‡ LeeSaar: Prima at P.S. 122
I met director/choreographers Lee Sher and Saar Harari in 2008, when their piece Geisha was wowing New York City dance lovers. We spent some time together in Poland and I got to watch a class in which they introduced the concepts of the technique that drives their creative process. If you can imagine a world in which every action is a pure gut motivation — not clouded by insecurity or other emotional baggage, you’d have an inkling of the workings of the “Gaga” technique, a movement language developed by Ohad Naharin, artistic director of Israel’s Batsheva Dance. In the hands of lee and saar, it leads to work that is sexy without being pornographic; supersonic without being chaotic; and poetic without being precious.

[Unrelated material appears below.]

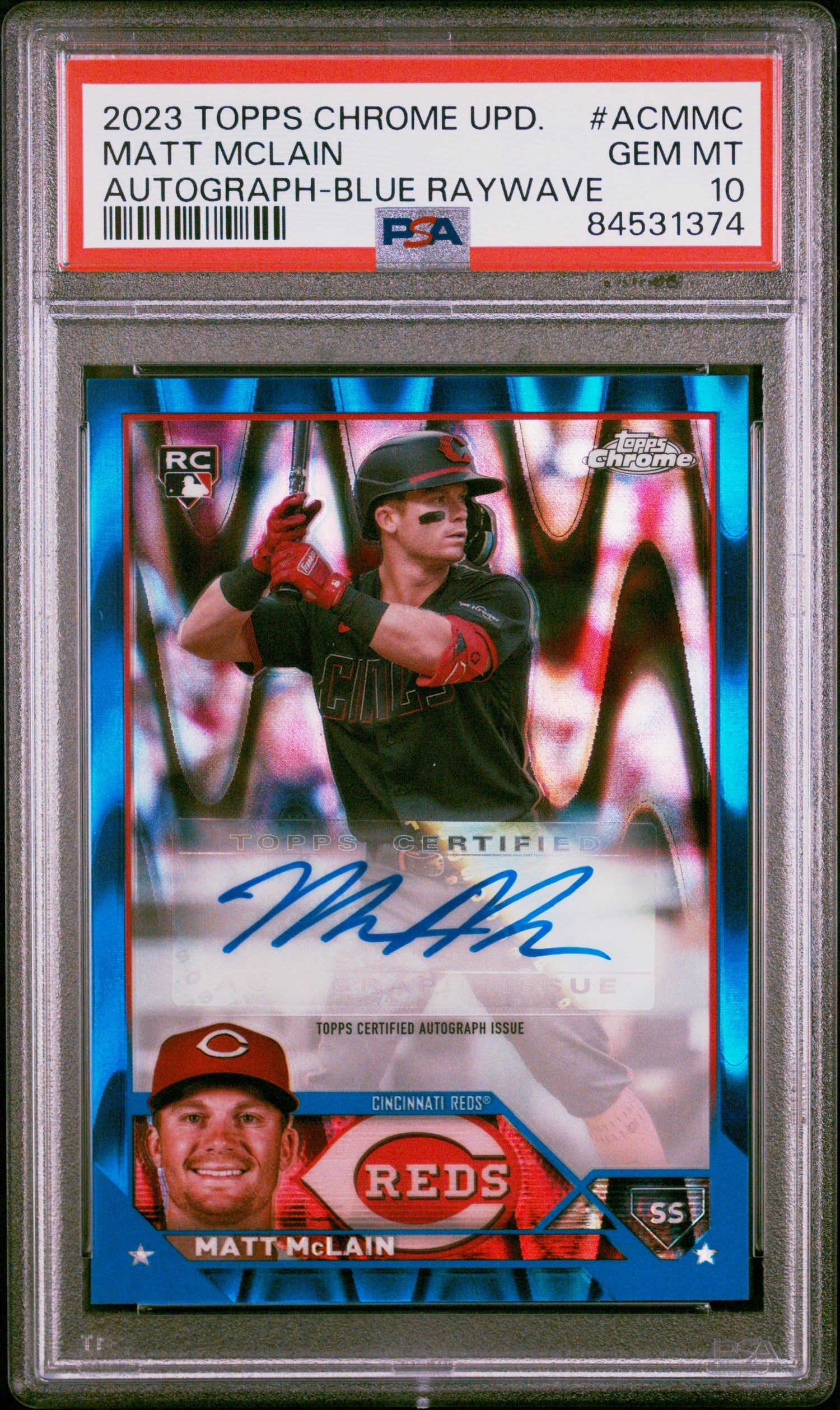 2023 Topps Chrome Update Autograph Blue Raywave Matt Mclain #ACMMC PSA 10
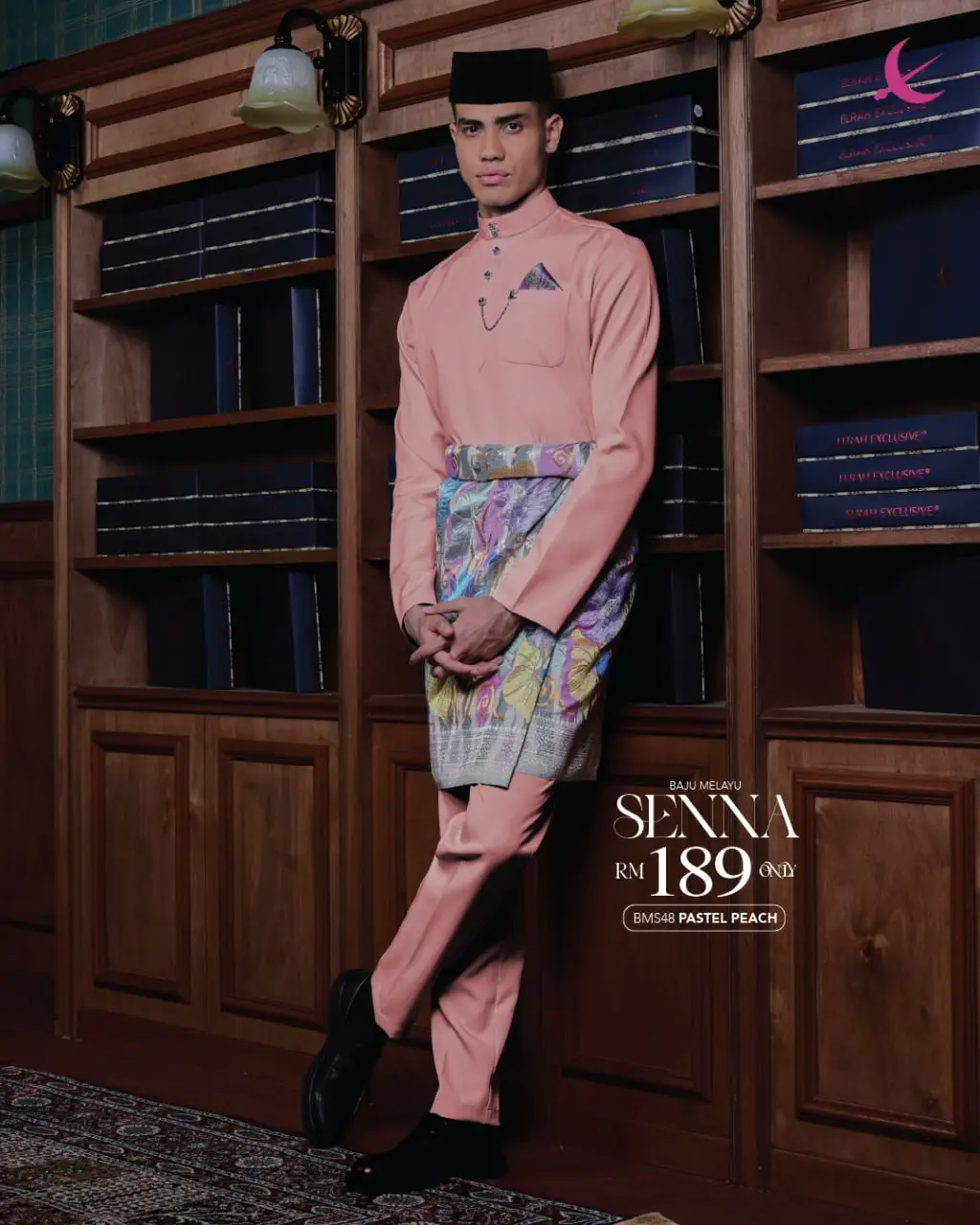 BAJU MELAYU SENNA - PASTEL PEACH (48)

Visually, the work emerges from an undulation that often starts at the second chakra and fires up in the third (that’s the pelvis and the navel for you non-yogis). Which is not to say this is a stylized movement; rather there is a through-line that may result in a hip grind or may be just a passionate finger solo. The four dancers are credited as Creating Dancers; each has her own dance personality in the work, and introduces herself by name only at some point in the show. They are Jye-Hwei Lin, Hsin-Yi Hsiang, Hyerin Lee, and Candice Schnurr. A picture’s worth a thousand words; here are some rehearsal clips. The second gives a better sense of the final performance. I saw this last night. It plays through today. Catch it!
‡ home decorate: hang some art! Ah, the last bit of moving takes so long…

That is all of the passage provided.